Setelah menentukan pilihan penginapan di Yogi Guesthouse, saya langsung tidur buat istirahat. Menjelang maghrib, saya baru terbangun dan saat itu kabut sudah mulai turun. Suhu pun sudah mulai dingin sekitar 15-20 derajat Celcius. Makin malam, makin dingin dan saya yang tidak tahan dingin segera pakai jaket. Saya cuek aja dibilangin turis bule kalau suhu begini biasa buat mereka. Ya, terserah elo deh ! Bahkan teman turis di guesthouse yang sudah separuh baya menyindir kami yang masih muda karena ambil jeep ke atas, sedangkan dia maunya hiking pakai kaki ke atas, entah karena memang petualang sejati atau menghindari tiket Tn BTS yang Rp200.000 buat wisatawan asing. Kita sih bodo amat, saya juga bukan pendaki gunung kok...


Tuesday 2 June 2015

Bali , Wisata dan Motor

Sesampainya kami di Bali dari Lombok, beruntunglah kami menginap di Hotel Kartika Plaza selama 2 malam. Saya tak tahu berapa bintang hotel ini, tapi luar biasa bagus untuk ukuran backpacker, he he he...
Kebetulan ada kenalan om yang menawarkan untuk menginap di tempat ini, dan sayang untuk ditolak oleh kami. Hotel ini sendiri berbatasan langsung dengan Pantai Kuta dan Selat Bali, tinggal jalan sedikit saja dari belakang hotel ke Pantai Kuta.

Patung Wisnu di GWK


Besoknya, hal yang pertama kita lakukan adalah rental motor. Ada banyak sekali rental motor di kawasan Kuta, Legian dan sekitarnya. Tarifnya Rp50.000 untuk 24 jam, pakai jaminan KTP. Ini adalah cara yang paling murah buat keliling Bali, sekaligus cara paling cepat menghitamkan kulit tanpa berjemur di pantai :D kebanyakan motor yang disewakan sih matic dengan kondisi bagus, walaupun selalunya bermasalah dengan rem yang agak blong.

Dari 3 tempat yang kita kunjungi, GWK, Danau Beratan dan Tanah Lot, semuanya memang luar biasa bagus terutama di Danau Beratan dan Tanah Lot.

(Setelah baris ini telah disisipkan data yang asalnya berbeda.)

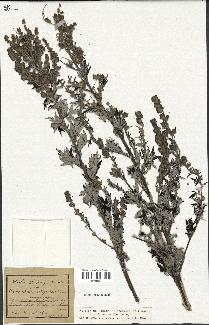 spécimen de Artemisia vulgaris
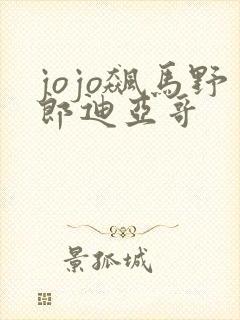 jojo飙马野郎迪亚哥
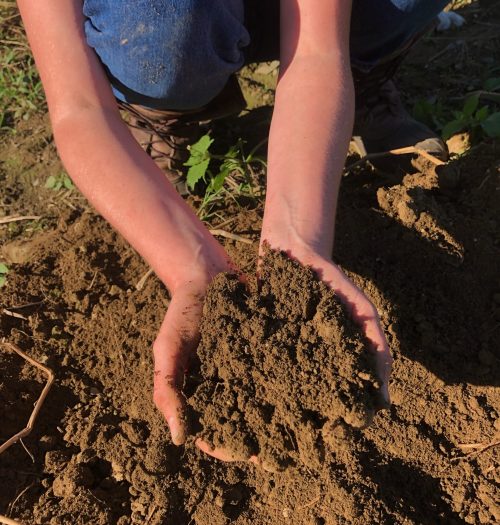 Soil cupped in hands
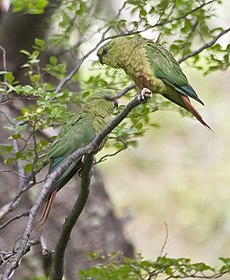 Conure magellaniquee (Enicognathus ferrugineus)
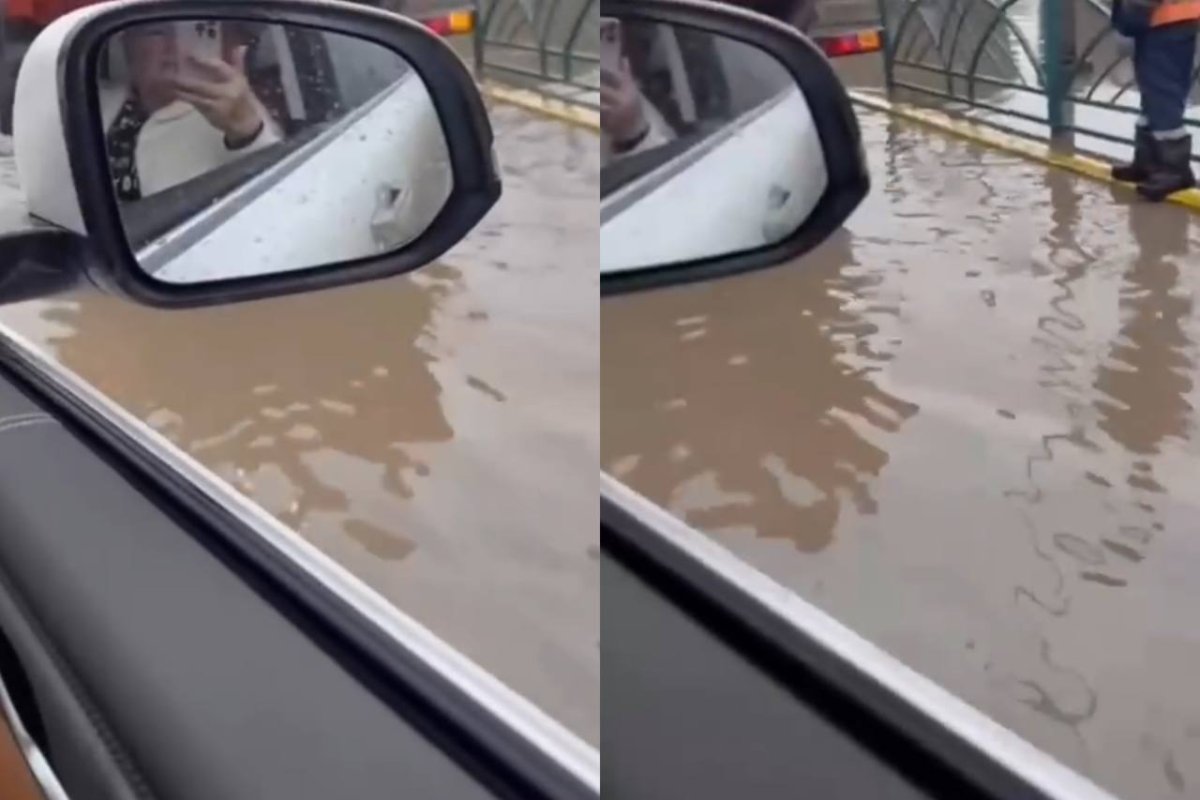 Фото: видеодан скриншот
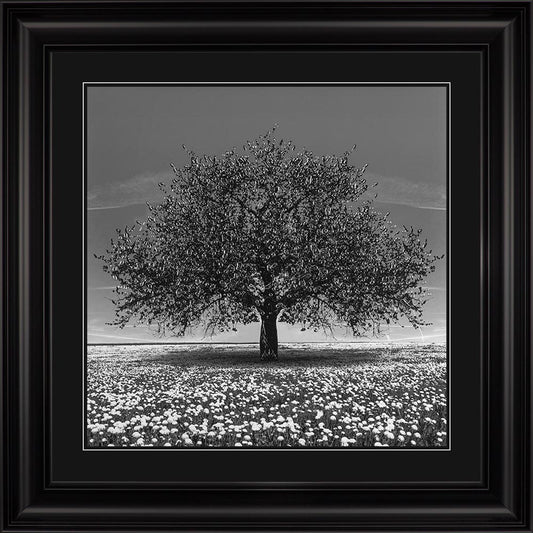 Black Cherry Tree with Black Mount Framed Wall Art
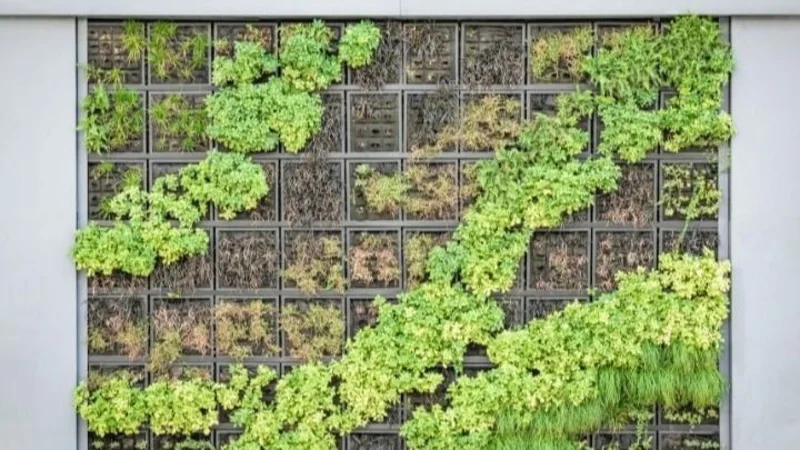 Jardines verticales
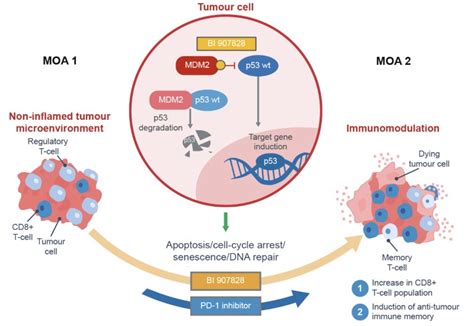 Advancing Cancer Treatment Targeting The Mdm P Interaction In The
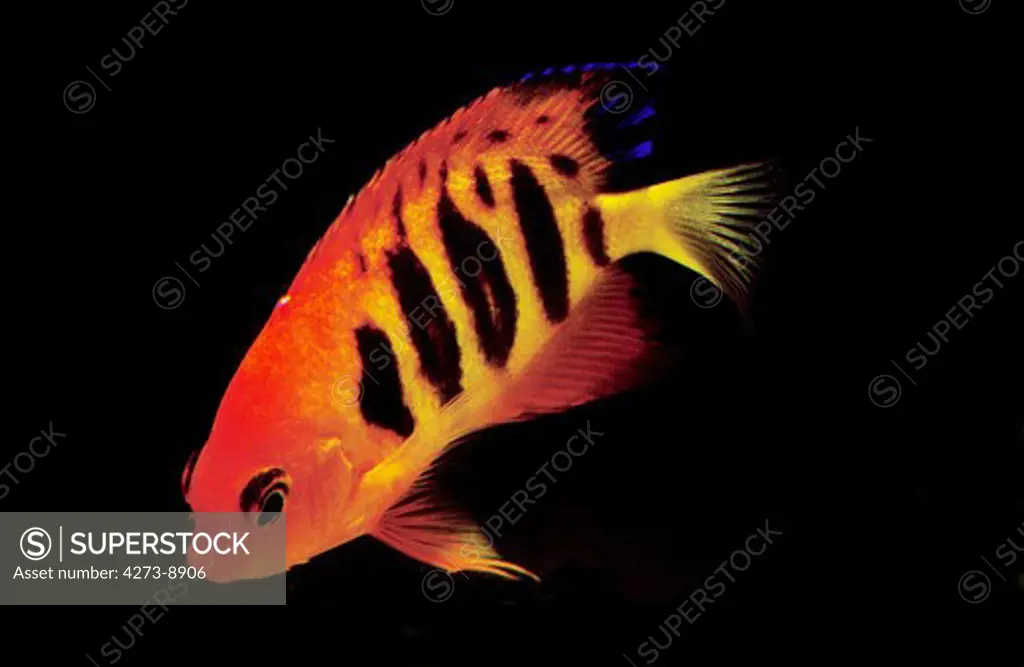 Flame Angelfish, Centropyge Loriculus, Adult Against Black Background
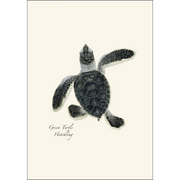 Sea Turtle Hatchling Assortment Notecard Boxed Set of 8
Green turtle hatchling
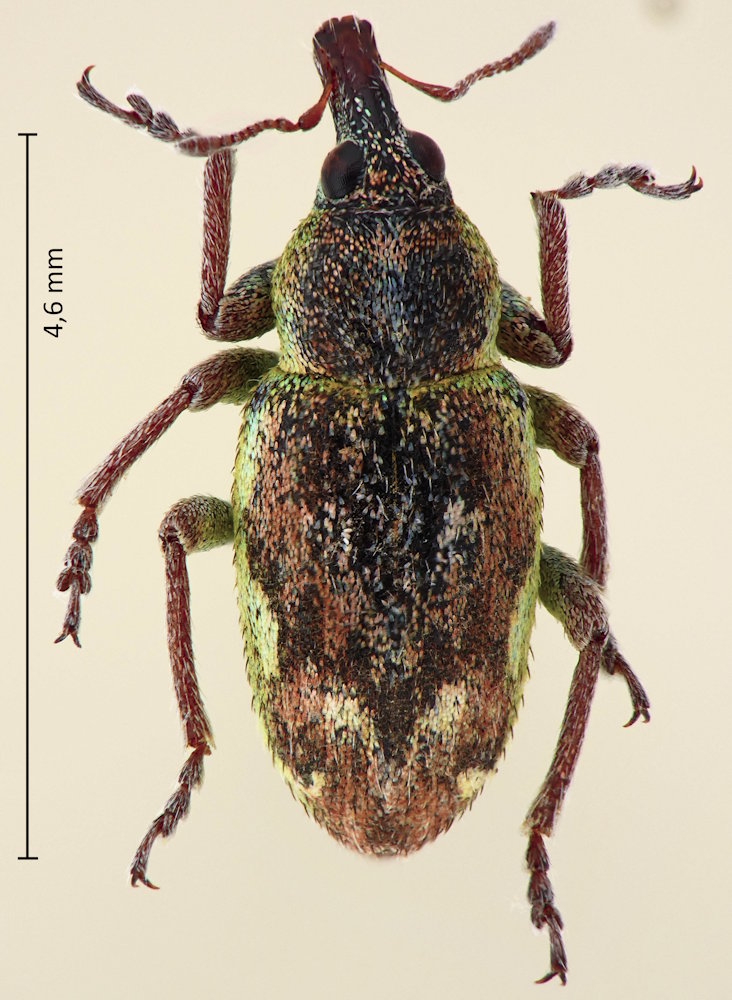 Coniatus deyrollei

Waktu perjalanan naik motor ke Danau Beratan kurang lebih 3 jam plus tanya-tanya orang dan isi bensin. Kalau ke Tanah Lot, lebih kurang 2 jam itupun berhenti karena hujan mengguyur di tengah jalan, untungnya saya bawa jas hujan traveling sekali pakai. Tipikal jalan di Bali adalah sempit dengan banyak belokan, kecuali yang ke arah Danau Beratan yang luruuuss aja dengan pemandangan sawah di kiri kanan dan warung babi guling sepanjang jalan bergantian.

Tips untuk yang sewa motor, pastikan Anda punya SIM dan STNK ada di motor, walaupun polisi jarang sekali kelihatan dan menilang. Pastikan bensin penuh dan cek selalu rem. Rem ini yang suka agak blong. Pastikan helm juga dipasang, jangan ragu bertanya kalau dirasa salah jalan. Hati-hati dengan bule yang bawa motor, apalagi yang bawa papan surfing. Bule di sini biasanya suka kurang taat peraturan dengan lalu lintas Bali yang saya kagumi, taat peraturan. Tidak ada kenderaan yang melewati garis batas di persimpangan baik di Denpasar maupun di pelosok Bali, semuanya sabar menunggu lampu hijau yang menyala. Satu-satunya pertanda kalau saya masih di Indonesia adalah klakson masih sering terdengar.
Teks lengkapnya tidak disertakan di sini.